Di sinilah kemudian Sani berjuang untuk menjalani babak hidupnya yang baru, dengan memutuskan untuk mengambil pekerjaan di luar kota dari sebuah perusahaan kontraktor di Pulau Batam. Akhirnya di 2001 tersebut, ia memutuskan pindah dan bekerja di Batam selama tiga tahun, sampai 2004.
Selesai bekerja di Batam pada 2004, Sani kembali ke Jakarta dan di sinilah ia mulai kenal dengan anggota pengajian Jemaah Publik hingga sekarang aktif untuk berdakwah keliling Jawa Barat.
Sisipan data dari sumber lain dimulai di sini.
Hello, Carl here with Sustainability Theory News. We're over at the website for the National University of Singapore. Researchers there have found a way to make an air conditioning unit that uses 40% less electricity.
“2004 pindah lagi ke Jakarta, 2004 saya di rumah sempat tidak ada kegiatan. Lalu saya kenal sama Jemaah Publik, di situ saya ikut mulai pengajian, keluar 40 hari dari satu masjid ke masjid lainnya keliling Jawa Barat,” tambah Sani.
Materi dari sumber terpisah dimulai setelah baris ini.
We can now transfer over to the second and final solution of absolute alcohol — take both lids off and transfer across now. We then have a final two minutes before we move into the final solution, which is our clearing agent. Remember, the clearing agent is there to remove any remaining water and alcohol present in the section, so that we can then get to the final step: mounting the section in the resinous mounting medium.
Diberi kesempatan hidup dua kali, untuk menata hidupnya yang baru dengan lebih baik. Sani mengaku dirinya sekarang hanya bisa banyak bersyukur dan mengucap istighfar kepada Allah SWT atas semua karunia yang ia dapat.
“Kalau saya lihat lagi ke belakang, kecelakaan jari buntung ini banyak hikmahnya. Ini karena saya melawan sama Ibu yang sibuk melarang saya bergaul dengan teman-teman pencandu, waktu itu kan masih ngobat jadi enggak sadar kalau ngelawan. Sampai akhirnya dikasih teguran, tapi saya dikasih hidup baru. Bersyukur saja sama Allah, dikasih kesempatan hidup dua kali, bahkan kesempatan untuk membangun keluarga, Insya Allah Agustus 2019 ini saya akan melangsungkan pernikahan,” tutup Sani.